I’ve just started at a new job this past month and looks like they have NO source control for their code. They are relying on the backups their hosting provider takes for them.
After talking a bit I convinced my boss that we should definitely be using source control and after I gave a short seminar on it, the entire team is on board; they loved Mercurial.
So right now this is the way we work:
º----------BitBucket
º---------/
º--------/
Myself and the three other developers hg pull
from BitBucket, make our changes, then hg push
to BitBucket.
Now for deployment, someone would need to FTP the latest files towards the production server.
I was thinking of installing Mercurial on our server, and using hg clone
(subsequently hg pull
) to keep the versions up to date on production.
º---push->-----BitBucket----<-pull-----º (production server)
º---push->----/
º---push->---/
Is this a good idea? Any potential pitfalls I may not be seeing? Has anybody here done something similar? How do you deploy a large PHP framework application (We’re using Moodle)?
2
This is certainly a good idea and it is a common method to use for deployment. You might want to use a stable branch for deployment purposes whilst keeping trunk for ongoing development so that you can test the stable branch before you deploy it into production.
The only problem can come when you have sensitive information in your code base (such as API keys etc) that you do not wish to upload to third party servers (in your case that would be Bitbucket). In this case a simple script that is run once you have pulled the data from the repository to restore the sensitive data in the correct place will solve that issue.
Mind that this deployment strategy is not atomic. It might happen that some files are already updated while other files might still be in the old state while the application is being hit. This can cause unexpected side effects.
A way to do atomic deployments is by i.e. using symlinks. Create a directory containing the new files. when everthing is ready change a symlink for the directory used. If you keep the old version around you can also easily rollback.
2
Another (in my opinion better) possibility: use a build server / continuous integration server.
Short short explanation: this is a server (can be in-house, doesn’t need to be on the internet) that you set up to monitor your repositories, and whenever there are new changesets in the repos, the server builds your code (AFAIK this is not necessary in PHP), runs unit tests and deploys your code to the web server.
For more information, check these links:
- Wikipedia article about CI
- Stack Overflow question: What is the point of a “Build Server”?
There are a lot of different products for CI out there, but the only one I’ve used so far is TeamCity. Very easy to set up…in fact, it’s the first one I tried, and I liked it so much that I sticked with it.
Alternative cheap solution:
If setting up a build server is too much effort or if you’d like more control about when exactly your site is deployed, just set up a script file (Batch/Powershell on Windows, or something similar on Linux/Mac) that pulls the newest version from your repository and FTPs it on the production server.
Basically, it’s the same as a build server, only simpler.
No matter how exactly you solve it in the end…be sure to automate it somehow!
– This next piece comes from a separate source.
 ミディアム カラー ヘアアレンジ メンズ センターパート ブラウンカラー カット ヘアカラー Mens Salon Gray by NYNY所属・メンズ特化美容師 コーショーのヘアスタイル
You want to be able to deploy with a single click/by typing a single command, so that EVERYBODY can do it without having to know anything special, and without making mistakes – even in case of a disaster or under stress.
We do this, or things similar to this. The nonatomic @johannes mentions angle is one issue, though in realistic terms it happens so fast it should be OK and there are ways around this as he points out.
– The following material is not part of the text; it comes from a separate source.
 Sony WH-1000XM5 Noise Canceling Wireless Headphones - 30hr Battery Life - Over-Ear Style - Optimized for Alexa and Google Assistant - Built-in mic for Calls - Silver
Probably more important than this non-atomicity would be “how do you manage database schema updates” — deploying bad code this way makes fixing that easy. The big issue is when you deploy an update that changes the database that you wish to roll back. Or if you are making bad updates and corrupting data.
The other issue we had with DCVS tools (as opposed to using SVN) is that you now have a copy of the entire codebase on the machine someplace an attacker could potentially grab. And also that that DCVS codebase can get pretty heavy size-wise, which could matter if you are paying for storage and/or backup. We are still using SVN for the final deployment for these reasons.
It is a great idea, however keep in mind the following:
- Try not to commit on the server (although some rare times it makes sense to do this, e.g. installing a plugin or adding content assets)
- Use a staging server or a secondary repository deployment for testing
- Be always careful that
hg update -C
doesn’t affect production (i.e. delete important files) - Have a production and a development branch, only deploy the production branch
- Treat assets as backup (e.g. images for content,) and ignore user data (e.g. attachments/uploads, cache, etc)
- Always have a clean
hg status
output on the server (this will help you make sure you are ignoring things as cache) - Don’t deploy the repository in the web folder. Use symlinks from outside the public space (e.g. ln -s /myrepo/src/web /public_html/myapp)
- Be careful not to version configuration files (specially with database passwords or other)
- Don’t use instead of a production backup, this is a development backup for production code, not production data
Finally, I think the most valuable thing for adding a DVCS to your deployment process is that this will add security to your deployment, sometimes hackers inject malicious code to your stuff and you really have no means of detecting it easily without something like version control (specially distributed, since the distributed aspect to VCS makes it easier to check for integrity of your files).
I’ve had some sites gotten hacked a few times, having Mercurial helps me litterally undo this hacks by just issuing an hg update -C
in the server (of course you might want to do an hg status
and get the affected files for later analysis).